The CPU data was measured from our compiled library Nrgizer (optimized C code, GNU C compiler) on a Core 2 Duo 2.4GHz Apple Macbook PRO laptop operating at 90W, the FPGA data was measured on a Xilinx Virtex-4 SX35 operating at 200MHz and 15W with 3 data lines used in parallel (to and from the external memory) [8] , and the ASIC data is simulation data gathered from Tezzaron 3D process. A conservative estimate of the projected ASIC speed is 400MHz (speeds of up to > 1 GHz are possible) with 8 ALU convolvers running in parallel, and 10 data lines. The projected power consumption of the ASIC is 1W. As we can see from these results an ASIC system or a modern Virtex 6 FPGA can run the ConvNet system in real time (> 30f ps) with filters up to 21x21 in size, and images approaching 1 mega-pixels.
Nrgizer has been tested on standard datasets: Small NORB, MNIST and the UMASS face dataset. For NORB, 85% recognition rate was achieved on the unknown dataset, for MNIST, 95% and for UMASS, 98%. The same test were conducted on the Stream Processor with fixed-point representation (Q8.8), and the results were, respectively: 85%, 95% and 98%.

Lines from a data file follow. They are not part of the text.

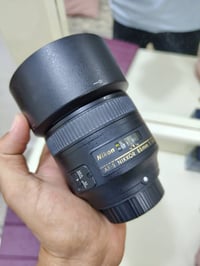 نيكون 85مم • فتحة f/1.8 • نظيفة جداً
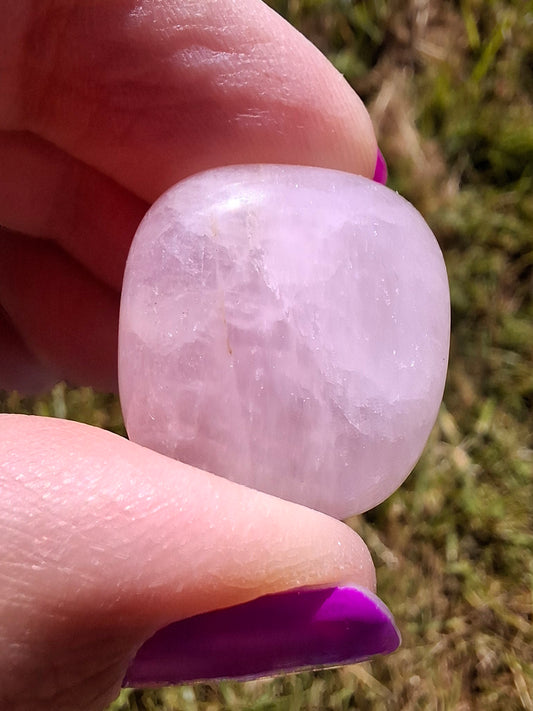 Rose Quartz, Tumble Stone, Crystal (Ref: T94)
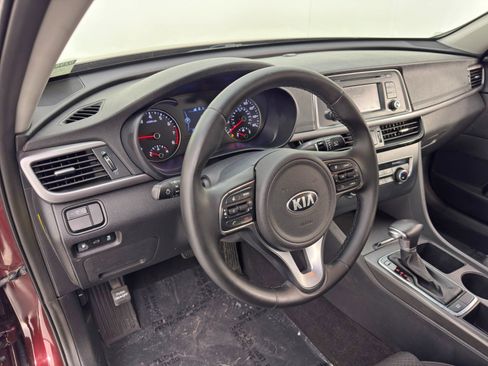 Used 2016 Kia Optima LX image 12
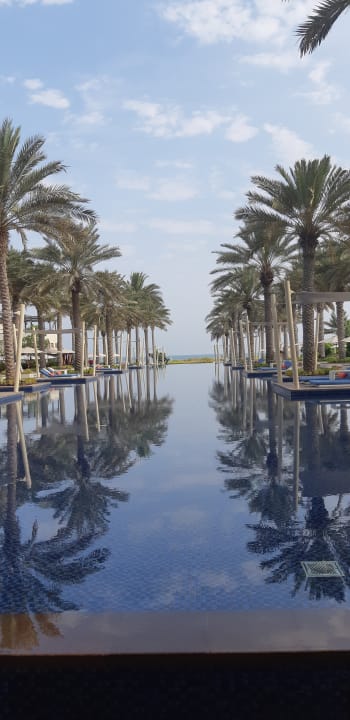 Pool Park Hyatt Abu Dhabi Hotel and Villas
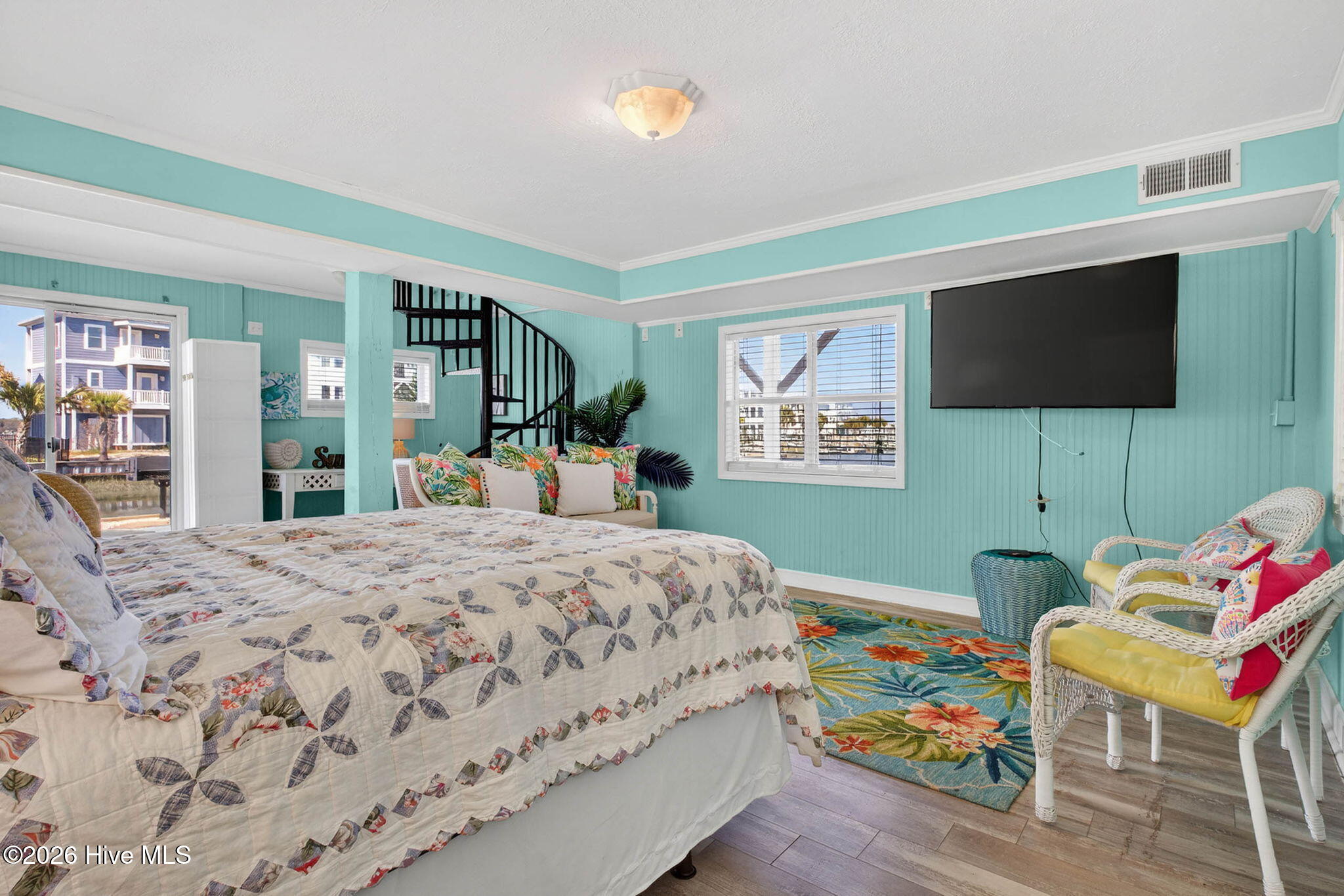 100564283 | Photo 41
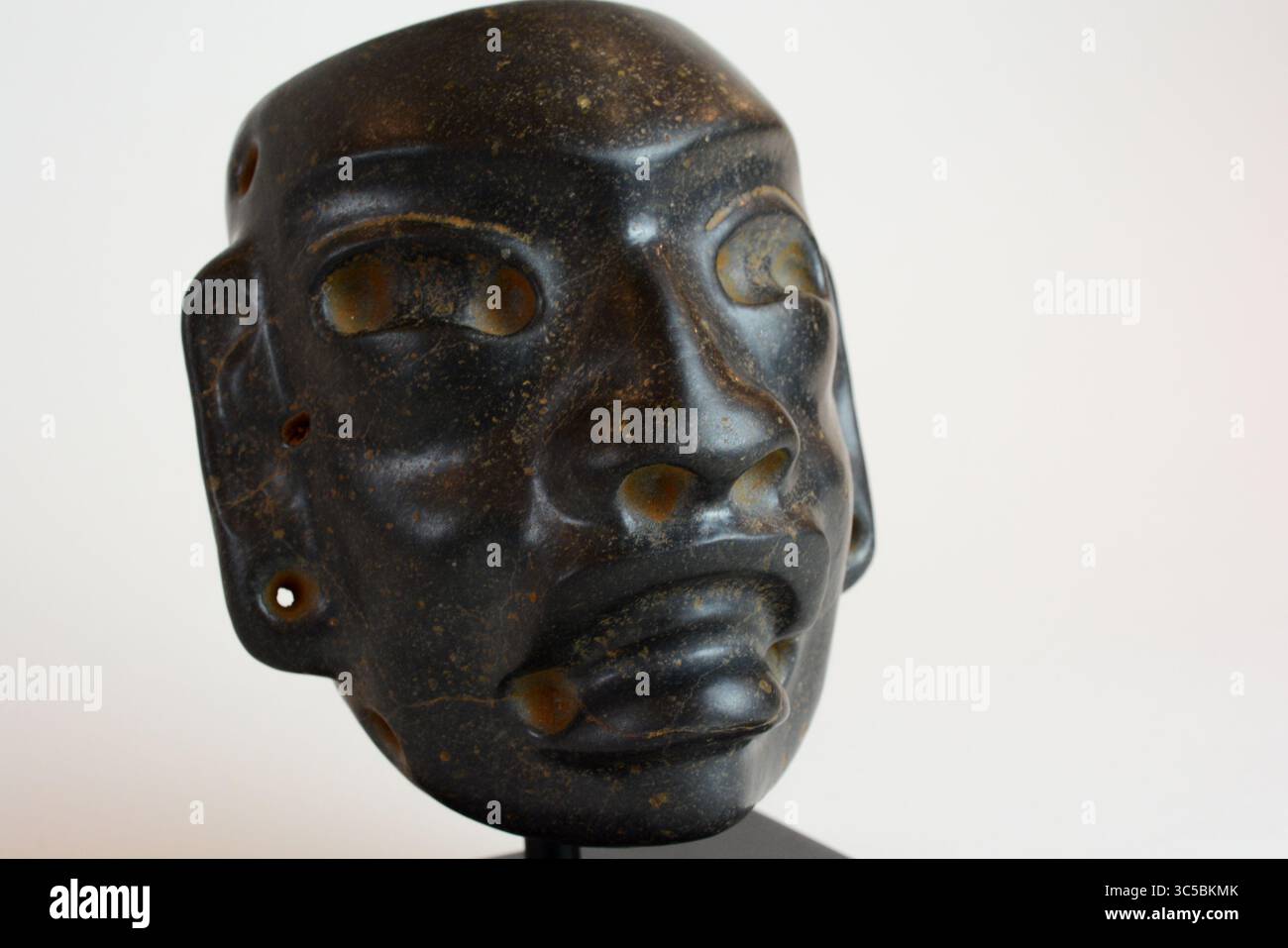 Pre Columbian Art Of Mexico Ancient Olmec Jade Mask Stock Photo Alamy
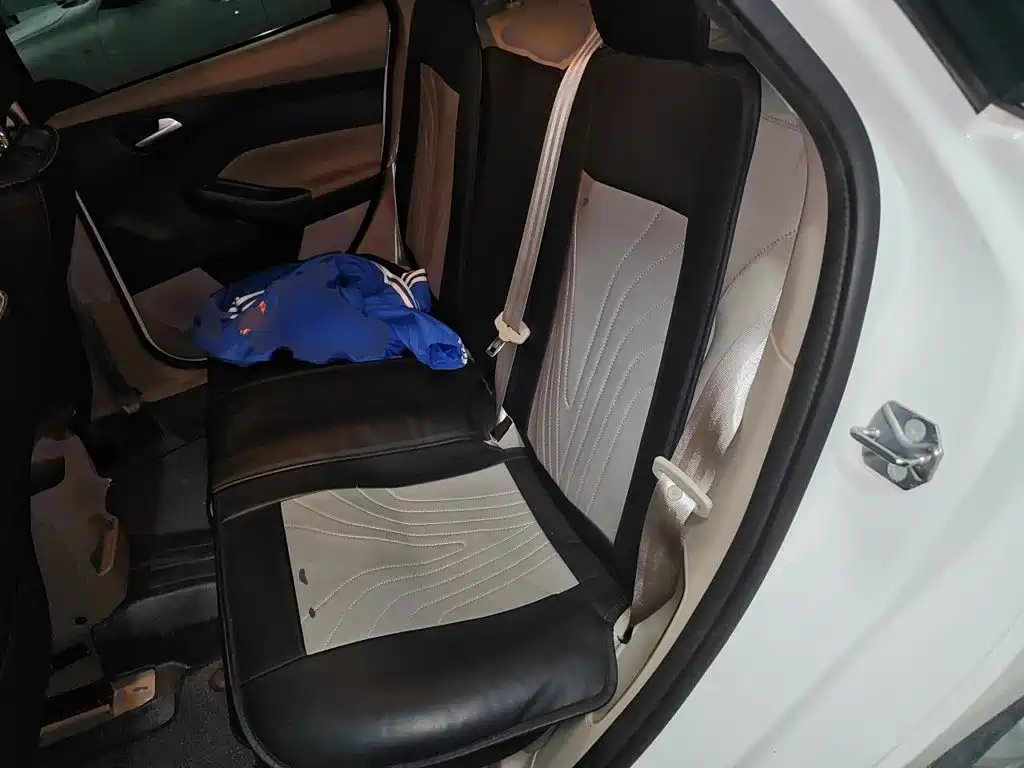 Ford Focus — миниатюра 13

V. CONCLUSION We report the design of a hardware accelerated ConvNet system that is capable of running in real time with low power consumptions, while providing performance that is better than conventional laptop computers. This architecture is demonstrated in multiple FPGA implementations. Future work will include implementation in a high-performance ASIC system capable of delivering real-time operation on 1 megapixel images with 1W of power.
While our current FPGA implementation can perform medium complexity tasks such as face detection/tracking in real-time, the ASIC implementation will open the doors to more complex and generic recognition tasks. Multiple object detection [5] or online learning for adaptive robot guidance [9] are tasks that will be largely improved by this system.